▸ Dataset excerpt:
"""
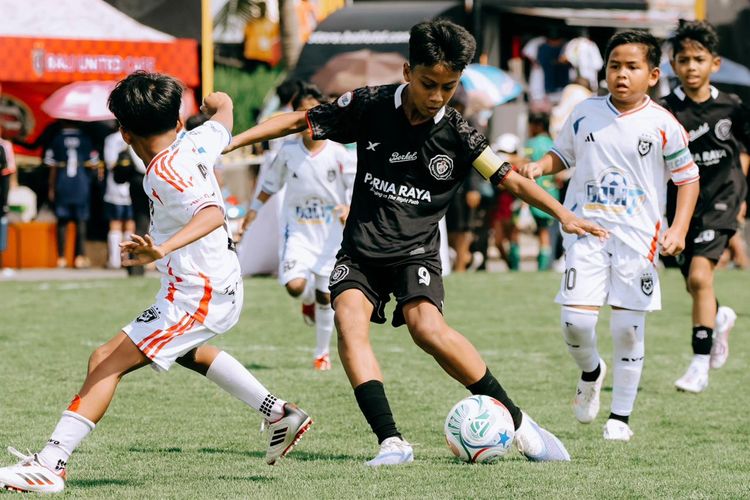 Bali United, Gianyar, Erick Thohir, Bali Jadi Model Kolaborasi Olahraga dan Ekonomi, Erick Thohir Minta Daerah Lain Ikuti Jejak, Peran Pihak Swasta, Jadi Inspirasi bagi Daerah Lain, Dampak Nyata bagi Ekonomi dan Pariwisata, Lonjakan Peserta dan Skala Turnamen, Menjaga Nilai Sportivitas Sejak Dini
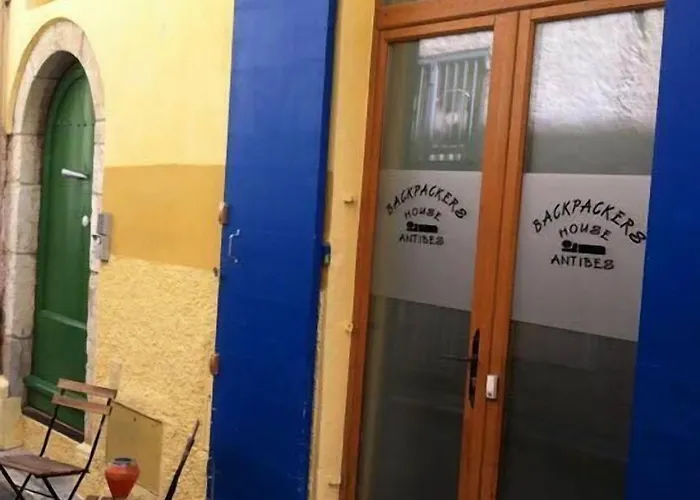 Hostel Backpackers Αντίμπ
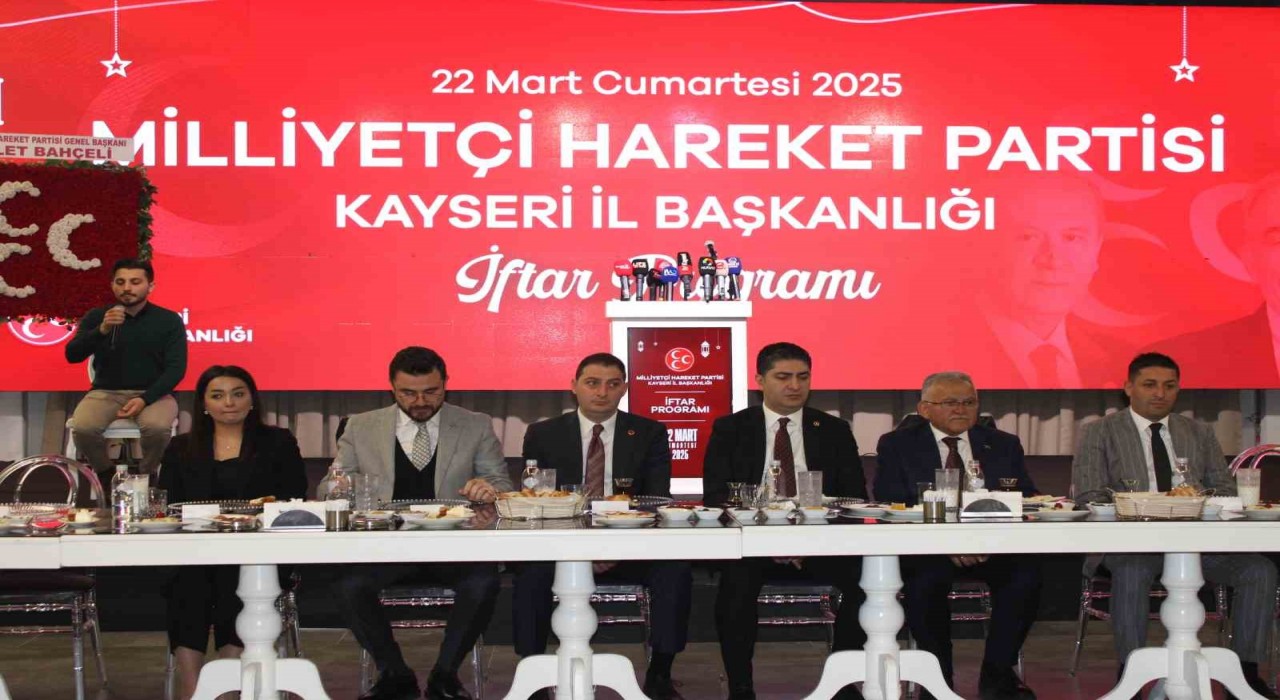 MHPli Özdemir: Hukukun üzerine düştüğü gerçeklik; İstanbuldaki CHPli belediyelerin millete ait 560 milyar TLlik tutarın birilerinin kasalarına gittiği gerçeğidir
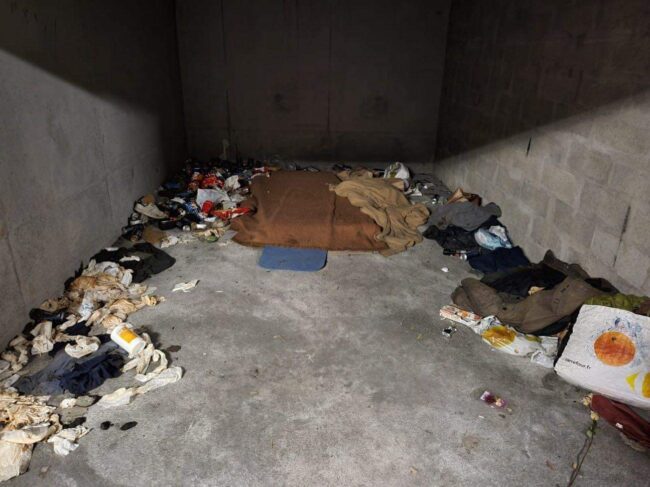 Débarras intégral d'un garage squatté par un SDF à Aix-en-Provence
"""
▸ To do:
Copy exactly, and copy nothing else: the lines from the start of the data above through the line that holds "Hostel Backpackers Αντίμπ". The pictures stay out.

▸ Reply:
 Bali United, Gianyar, Erick Thohir, Bali Jadi Model Kolaborasi Olahraga dan Ekonomi, Erick Thohir Minta Daerah Lain Ikuti Jejak, Peran Pihak Swasta, Jadi Inspirasi bagi Daerah Lain, Dampak Nyata bagi Ekonomi dan Pariwisata, Lonjakan Peserta dan Skala Turnamen, Menjaga Nilai Sportivitas Sejak Dini
 Hostel Backpackers Αντίμπ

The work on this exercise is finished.